Search code examples
pythonpostgresqlsqlalchemygreatest-n-per-group

How to get top n results per group from a pool of ids in SQLAlchemy?


I have two tables. The 1st represent one article per row and the 2nd represent one news_cluster per row (with an array column for all articles_id per cluster).

I need to get the 19 best news_cluster and then get the 4 best articles for each news_cluster (order by l_score column).

Currently I'm fetching all articles_id from all 19 news_cluster with SQLAlchemy and then I sort them by news_cluster and l_score with python :

all_news_obj = News.query.order_by(score).limit(19)
all_ids = sum([a_news.articles_id for a_news in all_news_obj], [])
all_articles = Articles.query.filter(Articles.id.in_(all_ids)).all()
articles_sorted = 4_best_l_score_sorted_by_cluster(all_articles)

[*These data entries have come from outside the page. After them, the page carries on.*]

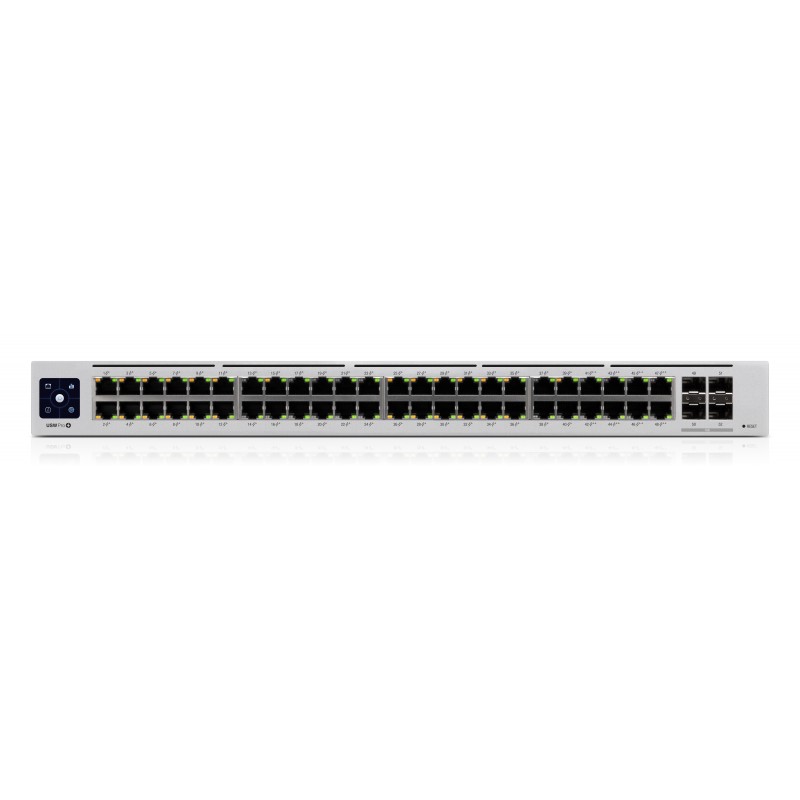 Switch UbiQuiti UniFi 48 Porte 10 100 Mbps USW-PRO-48-POE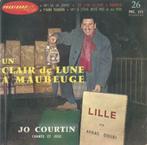 Jo Courtin – Oh! La la Louise / Y’aura toujours + 2 – EP, CD & DVD, 7 pouces, Pop, EP, Enlèvement ou Envoi
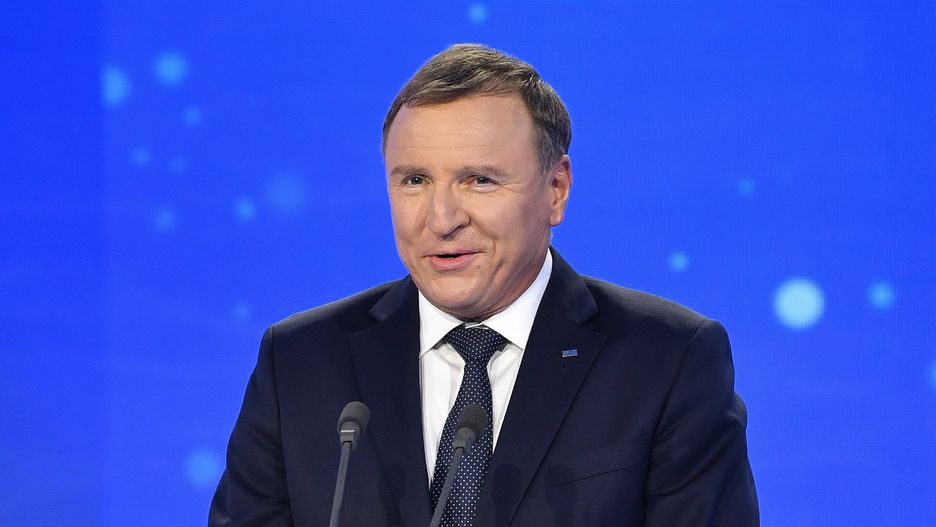 Jacek KurskiRadek Pietruszkafestiwal, gala, telewizja, Woronicza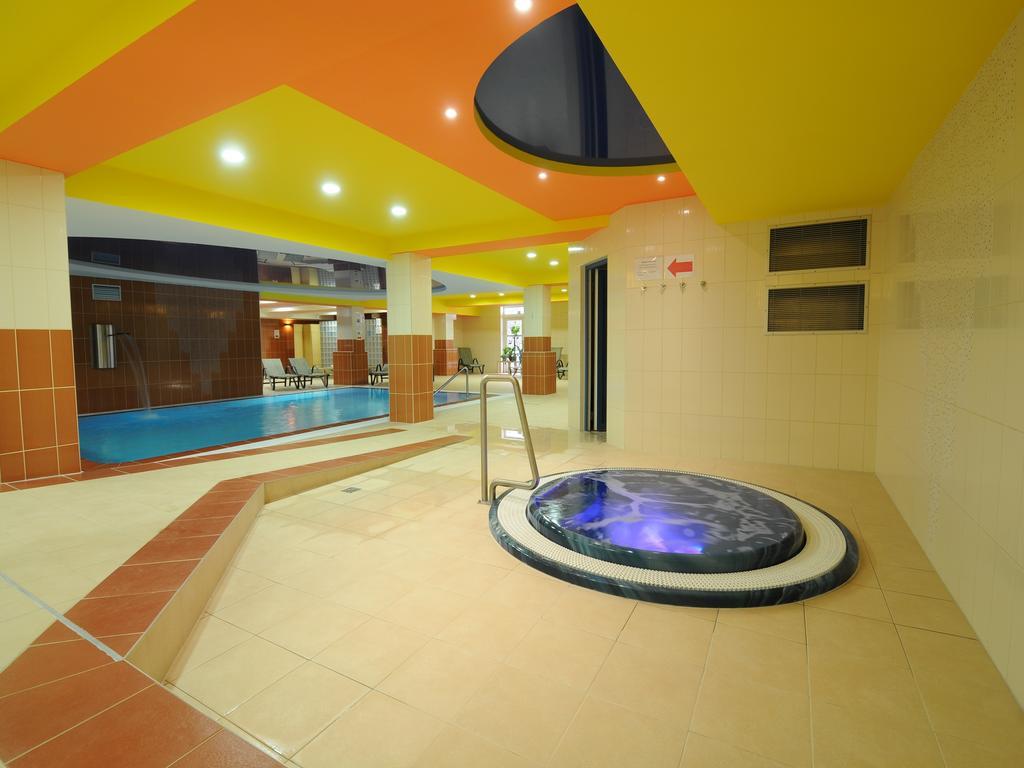 Wellness Resort Energetic Roznov pod Radhostem Exterior photo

I was wondering if there was a faster way to fetch and sort these articles and I saw that you can group by cluster (news_id) and get the top 4 l_score for each group with this psql query:

SELECT ranked.* FROM 
(SELECT articles.*, rank() OVER (PARTITION BY news_id ORDER BY l_score DESC)
    FROM articles
    WHERE id = ANY(ARRAY[209146, 209140, 209154...])
) ranked
WHERE rank <=4

So it might be faster if psql handle the sorting in the first place but I have no clue how to implement this query in SQLAlchemy.


Solution

  • My question is mostly answered here : Convert rank and partition query to SqlAlchemy

    I just needed to adapt it to my Articles model and add a filter to match the ids in all_ids_array :

    subquery = db.session.query(
        Articles,
        func.rank().over(
            order_by=Articles.l_score.desc(),
            partition_by=Articles.news_id
        ).label('rank')
    ).filter(Articles.id.in_(all_ids_array)).subquery()
    
    articles_sorted = db.session.query(subquery).filter(subquery.c.rank <= 4)
    

    I'm a happy man : It's 0.1 second faster than fetching all articles and sorting them afterward with python.